When Norah Jones wafted onto the airwaves in 2002, her smoky, jazz-tinged piano pop was a startling breath of fresh air; after four years of Americanized Europop, the idea that the Top 40 still had room for someone singing and playing without artifice almost felt revolutionary. Which is a joke, really, because there’s nothing the slightest bit revolutionary about Jones’ debut, Come Away with Me — but it did herald a macchiato-scented tsunami of exquisitely tasteful artists whose ubiquity threatened to turn Jones into a joke before she really got started.
This would be a lot to deal with for any artist, but it seemed like even more of an annoyance for Jones; she had bigger ambitions than a lifetime of “Come Away with Me” clones, but she looked and sounded like a girl who belonged behind a piano, crooning tasteful ballads. It didn’t help that her first tour seemed to find her in a perpetual state of stage fright, or that her voice wouldn’t let her get away with sounding anything but beautiful.
She’s certainly been willing to try, however, both on her own albums — 2004’s Feels Like Home and 2007’s Not Too Late represented subtle variations on the theme of her gazillion-selling debut — and in a series of increasingly bizarro side projects and cameo appearances. The past few years have found Jones singing (occasionally profane) hooks for a wide variety of artists, including Q-Tip, the Lonely Island, and Mike Patton’s Peeping Tom, as well as recording with country/folk hooligans the Little Willies and her punk band, El Madmo. When word got out that Jones had mostly abandoned her piano and taken up guitar for her fourth release, The Fall — and worked with a cast of characters including Ryan Adams, Will Sheff, Marc Ribot, and producer Jacquire King — it was pegged as her “rock album,” and maybe even the full-on gonzo record she seemed to be hinting at.
The truth of the matter is, of course, much more mundane. She might do some unexpected things outside her solo career, but as a name brand, Norah Jones is too smart and successful to make any sharp turns. The Fall represents an unequivocal evolution, but it isn’t different enough to turn off anyone who loved Come Away with Me; it’s more of a refinement of her established pattern, with different textures (primarily courtesy of Ribot’s webs of atmospheric guitars and James Poysner’s keyboards) adding new shades of color to Jones’ pillow-soft voice. The Fall does have a slightly quicker pulse than Jones’ previous efforts, and once or twice, she threatens to lead the band into a bona fide workout, but things always cool down before they get too crazy.

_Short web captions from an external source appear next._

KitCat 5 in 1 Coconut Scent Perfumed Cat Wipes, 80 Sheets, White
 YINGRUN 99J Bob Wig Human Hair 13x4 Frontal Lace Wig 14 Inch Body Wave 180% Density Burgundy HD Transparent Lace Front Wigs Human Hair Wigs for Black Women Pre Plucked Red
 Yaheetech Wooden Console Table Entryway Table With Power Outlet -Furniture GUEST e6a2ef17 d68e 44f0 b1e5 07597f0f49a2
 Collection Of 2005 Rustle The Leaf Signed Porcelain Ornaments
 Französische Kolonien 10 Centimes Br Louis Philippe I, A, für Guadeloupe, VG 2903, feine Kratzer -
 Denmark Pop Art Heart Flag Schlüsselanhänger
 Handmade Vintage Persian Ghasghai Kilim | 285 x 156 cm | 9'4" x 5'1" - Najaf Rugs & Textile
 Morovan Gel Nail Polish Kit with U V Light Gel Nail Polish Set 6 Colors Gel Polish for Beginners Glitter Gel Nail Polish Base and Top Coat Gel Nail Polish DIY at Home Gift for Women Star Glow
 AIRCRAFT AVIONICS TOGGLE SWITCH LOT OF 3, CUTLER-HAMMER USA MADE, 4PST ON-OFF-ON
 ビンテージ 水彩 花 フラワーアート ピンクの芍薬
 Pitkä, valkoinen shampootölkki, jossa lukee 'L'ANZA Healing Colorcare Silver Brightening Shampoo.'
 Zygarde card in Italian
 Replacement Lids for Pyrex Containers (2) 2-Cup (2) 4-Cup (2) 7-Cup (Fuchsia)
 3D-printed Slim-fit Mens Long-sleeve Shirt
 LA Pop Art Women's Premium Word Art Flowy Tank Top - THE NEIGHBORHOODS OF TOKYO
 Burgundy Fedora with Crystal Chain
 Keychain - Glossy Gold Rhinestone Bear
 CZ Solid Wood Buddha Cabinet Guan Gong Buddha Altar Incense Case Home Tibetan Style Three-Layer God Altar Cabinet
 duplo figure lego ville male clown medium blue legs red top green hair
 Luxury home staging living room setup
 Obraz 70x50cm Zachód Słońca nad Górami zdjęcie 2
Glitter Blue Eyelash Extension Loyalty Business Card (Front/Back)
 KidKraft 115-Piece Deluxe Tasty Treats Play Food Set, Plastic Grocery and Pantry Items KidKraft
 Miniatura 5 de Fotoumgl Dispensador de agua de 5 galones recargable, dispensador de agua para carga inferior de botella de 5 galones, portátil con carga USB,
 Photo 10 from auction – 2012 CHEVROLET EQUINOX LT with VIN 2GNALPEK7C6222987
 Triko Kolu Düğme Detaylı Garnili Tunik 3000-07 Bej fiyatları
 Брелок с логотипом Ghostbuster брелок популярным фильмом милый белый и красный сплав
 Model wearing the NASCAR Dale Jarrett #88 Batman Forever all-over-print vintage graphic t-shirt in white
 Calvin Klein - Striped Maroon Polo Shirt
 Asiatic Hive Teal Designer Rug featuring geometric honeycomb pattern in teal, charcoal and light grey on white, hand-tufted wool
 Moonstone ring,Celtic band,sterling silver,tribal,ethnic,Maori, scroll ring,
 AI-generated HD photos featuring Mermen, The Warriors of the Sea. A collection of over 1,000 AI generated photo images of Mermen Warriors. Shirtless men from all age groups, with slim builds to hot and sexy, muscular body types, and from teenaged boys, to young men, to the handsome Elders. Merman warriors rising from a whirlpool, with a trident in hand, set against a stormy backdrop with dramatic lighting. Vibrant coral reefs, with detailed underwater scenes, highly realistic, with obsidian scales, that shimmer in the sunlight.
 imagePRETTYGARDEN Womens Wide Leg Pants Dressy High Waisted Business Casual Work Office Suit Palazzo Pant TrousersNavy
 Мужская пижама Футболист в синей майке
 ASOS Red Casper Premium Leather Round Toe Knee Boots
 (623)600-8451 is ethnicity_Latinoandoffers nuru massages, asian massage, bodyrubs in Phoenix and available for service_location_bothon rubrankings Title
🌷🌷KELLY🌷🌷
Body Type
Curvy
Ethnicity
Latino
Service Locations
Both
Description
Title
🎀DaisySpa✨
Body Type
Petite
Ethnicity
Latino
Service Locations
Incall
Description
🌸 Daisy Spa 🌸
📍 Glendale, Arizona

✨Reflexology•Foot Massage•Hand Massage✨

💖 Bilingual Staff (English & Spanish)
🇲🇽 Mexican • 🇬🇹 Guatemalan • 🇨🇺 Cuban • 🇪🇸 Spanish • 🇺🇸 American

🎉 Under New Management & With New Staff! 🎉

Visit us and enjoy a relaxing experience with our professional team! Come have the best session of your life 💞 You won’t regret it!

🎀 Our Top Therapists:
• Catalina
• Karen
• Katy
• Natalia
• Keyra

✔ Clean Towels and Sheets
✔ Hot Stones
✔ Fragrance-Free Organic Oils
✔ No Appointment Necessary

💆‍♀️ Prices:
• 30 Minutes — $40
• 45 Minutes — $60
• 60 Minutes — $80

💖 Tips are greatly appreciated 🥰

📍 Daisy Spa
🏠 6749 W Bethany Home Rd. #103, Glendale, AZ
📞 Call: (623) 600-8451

Not that that’s a bad thing, necessarily. If you buy The Fall expecting a huge departure, you’re probably going to tune out pretty quickly — but anyone who expects huge departures from Norah Jones is a fool, and most likely has other bad investments to worry about. If, on the other hand, you go in hoping to hear something more interesting than Not Too Late or Feels Like Home, then you’re in luck; these 14 tracks find Jones developing her sound more assuredly than ever, and if they don’t shatter any barriers between her warm little patch of earth and the larger musical world, well…it’s so comfortable in here, why would you even want to do such a thing?